Mozart's music then came as the supreme achievement of mystical influence. It was as though a master builder was now building a great Cathedral of rare jewels and scintillating glass into which the soul of each might enter and live eternally in attunement with the harmonies of music.
 
Suddenly, I found myself actually in the Cathedral of the Soul, from whence I had started on my reveries. I was surrounded by not only this vast Carnegie audience, which had been brought to God through rhythm, but by all the beings I had contacted during the hours of the night.
 
There were the heathens of many lands, and the orthodox; the many of many creeds; the primitive and unevolved, and the moderns and intellectuals.
 
I could hear each nation, each tribe, each cult chanting its sacred intonations, and playing upon reed, flute, drum, violin, or what-not, its holy anthem. But there were no discords. All was harmony. It was one grand Symphony of Life. There was concordant rhythm, synchronized pulsation of time, universal accord and a synthetic blending of every note of the musical scale.
 
Only a master director of musicians could harmonize such diversified music. Only a transcendental motive could inspire the musicians with themes that could blend in a sunbeam of musical tones.
 
It was the Music of the Spheres, the music of the hearts and souls of men and women of all lands and all degrees of human evolution, rising in unison as a cry from the sanctums of their souls for contact with God.

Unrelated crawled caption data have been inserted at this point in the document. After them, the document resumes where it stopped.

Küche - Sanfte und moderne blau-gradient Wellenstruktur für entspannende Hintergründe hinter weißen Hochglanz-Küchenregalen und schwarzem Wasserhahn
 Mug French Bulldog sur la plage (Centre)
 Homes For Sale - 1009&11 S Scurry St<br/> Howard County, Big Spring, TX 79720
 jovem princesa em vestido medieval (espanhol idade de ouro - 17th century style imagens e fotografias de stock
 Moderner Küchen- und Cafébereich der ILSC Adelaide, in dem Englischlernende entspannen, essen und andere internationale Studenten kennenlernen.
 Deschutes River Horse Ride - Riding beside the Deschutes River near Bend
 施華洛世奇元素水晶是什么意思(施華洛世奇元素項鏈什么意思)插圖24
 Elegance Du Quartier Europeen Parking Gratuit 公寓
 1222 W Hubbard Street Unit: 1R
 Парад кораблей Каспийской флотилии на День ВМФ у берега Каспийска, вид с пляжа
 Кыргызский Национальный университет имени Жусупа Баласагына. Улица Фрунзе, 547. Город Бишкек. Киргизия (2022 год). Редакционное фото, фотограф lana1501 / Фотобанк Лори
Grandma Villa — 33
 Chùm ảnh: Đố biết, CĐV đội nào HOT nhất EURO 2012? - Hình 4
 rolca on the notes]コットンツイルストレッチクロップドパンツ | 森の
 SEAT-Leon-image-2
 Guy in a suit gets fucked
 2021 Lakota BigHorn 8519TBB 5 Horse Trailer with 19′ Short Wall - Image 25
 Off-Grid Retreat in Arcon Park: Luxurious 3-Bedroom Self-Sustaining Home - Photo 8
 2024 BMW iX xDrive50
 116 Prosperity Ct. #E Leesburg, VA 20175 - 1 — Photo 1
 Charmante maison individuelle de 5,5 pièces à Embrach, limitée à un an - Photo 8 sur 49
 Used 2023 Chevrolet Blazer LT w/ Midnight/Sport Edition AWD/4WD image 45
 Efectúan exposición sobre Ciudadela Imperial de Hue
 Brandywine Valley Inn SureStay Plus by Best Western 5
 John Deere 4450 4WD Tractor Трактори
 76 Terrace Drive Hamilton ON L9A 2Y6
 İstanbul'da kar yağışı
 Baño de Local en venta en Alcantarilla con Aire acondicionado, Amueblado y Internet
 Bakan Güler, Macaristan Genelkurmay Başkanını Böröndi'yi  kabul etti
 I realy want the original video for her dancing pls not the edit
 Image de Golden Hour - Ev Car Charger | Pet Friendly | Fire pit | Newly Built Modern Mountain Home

It was the universal, eternal plea of the human heart for attunement with that which each human conceives as Divine and Superhuman.
 
Pagan! Heathen! Orthodox! Heretic! How childish seem these terms in the face of the universal cry of the soul! Only one is lost to God, only one is shut out from contacting the Father of all. It is he or she who fails to attune with this mighty Symphony of Life, this choral of Cosmic Song, this melody of Soul Cantata.
 
Let such a one start now to sing. Set into vibration, today, the Grand Organ of your Soul, that its thunderous tones may reach out beyond your aura. Let the pleas and cries, the smiles and joys of your inner self break into song, sad or merry. Swing your being into chant and rhythm. Hear the life beat, the fundamental time-note all around you in the better things of life and get in attunement with it.
 
You will find God, and Peace, and Harmony in such a life. Your God is in your song. Let it be a song that blends with the Cosmic Symphony, regardless of what altar you erect, what sanctum you build, or what chant you understand.
 
The Symphony of Life is the rhythm of God's consciousness surging through you, and it knows no limitations of thought or doctrine.
 
Attune yourself and join the Cosmic Choir. Time will make you a master musician in the Great Orchestra and you will find Health, Happiness, and Cosmic Power flowing into your being as your song flows outwardly into the Infinite Space of Universal Consciousness.